- Instructions to follow
Set out exactly every line of the entries below, starting at the line that holds "1897 Sears, Roebuck & Co. Catalogue" and stopping after the line that holds "funny Toddler T-shirt".

- Data in this exercise

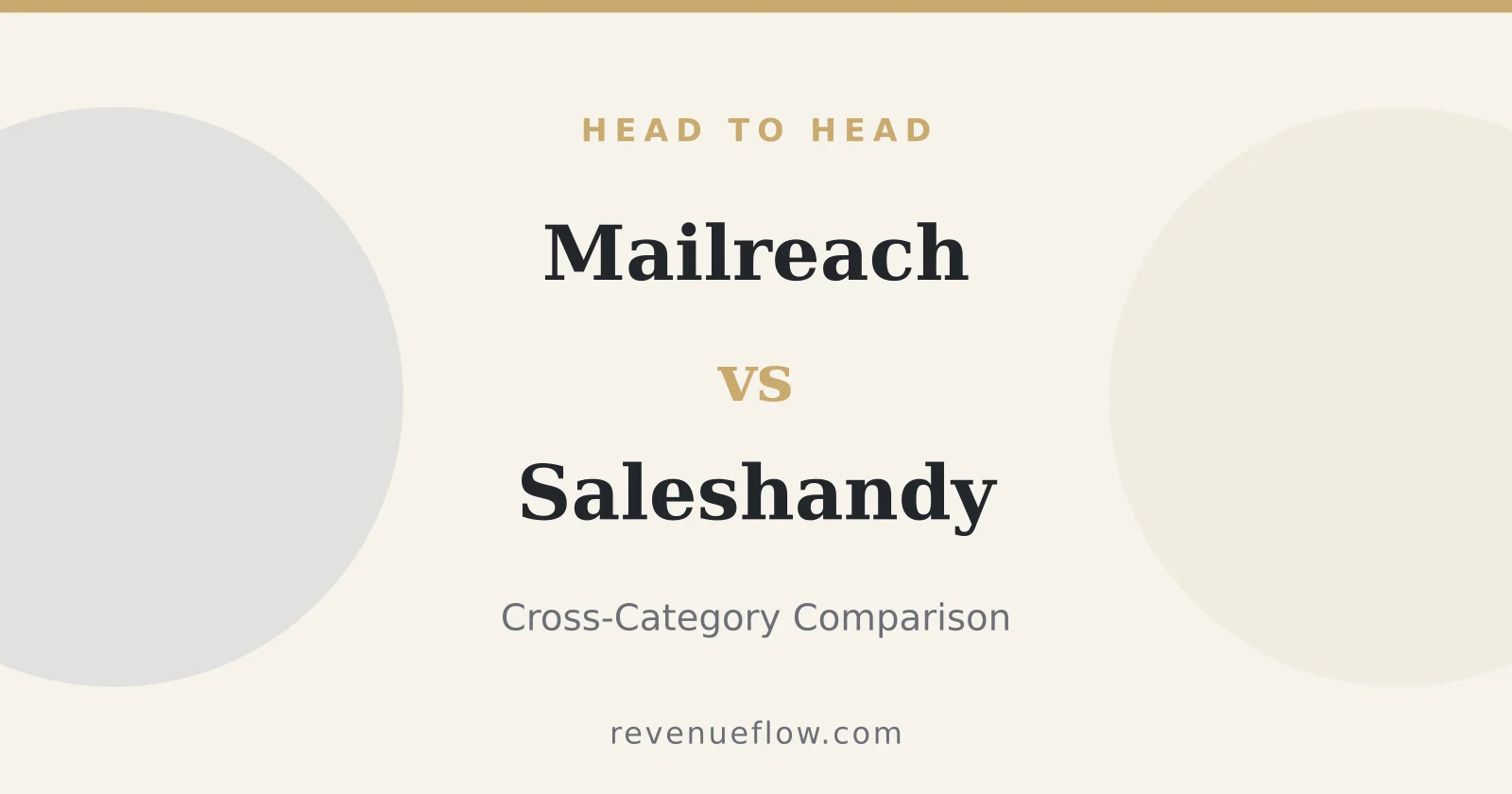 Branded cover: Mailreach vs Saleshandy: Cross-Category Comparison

...

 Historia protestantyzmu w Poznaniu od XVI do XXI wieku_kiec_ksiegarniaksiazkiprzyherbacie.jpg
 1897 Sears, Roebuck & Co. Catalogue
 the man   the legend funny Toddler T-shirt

---

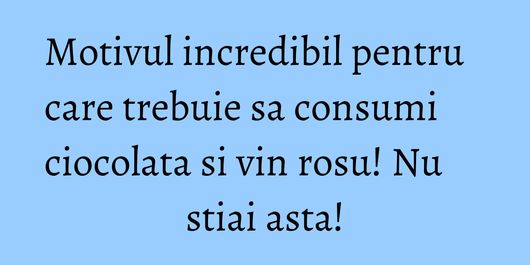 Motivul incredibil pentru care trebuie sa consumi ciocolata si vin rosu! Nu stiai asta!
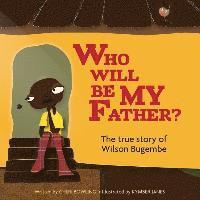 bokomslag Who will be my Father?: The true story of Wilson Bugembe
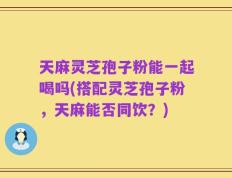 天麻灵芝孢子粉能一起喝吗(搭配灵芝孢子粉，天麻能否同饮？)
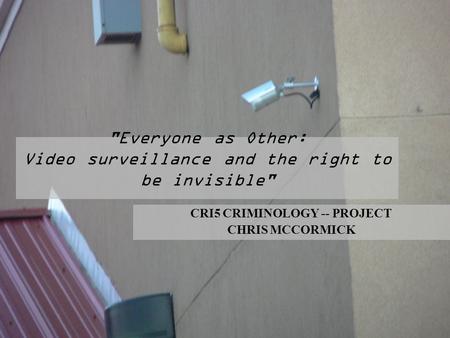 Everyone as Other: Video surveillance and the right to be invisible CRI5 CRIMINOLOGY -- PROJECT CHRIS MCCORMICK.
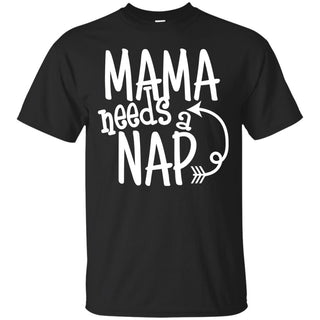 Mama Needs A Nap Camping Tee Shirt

- Problem solution
 1897 Sears, Roebuck & Co. Catalogue
 the man   the legend funny Toddler T-shirt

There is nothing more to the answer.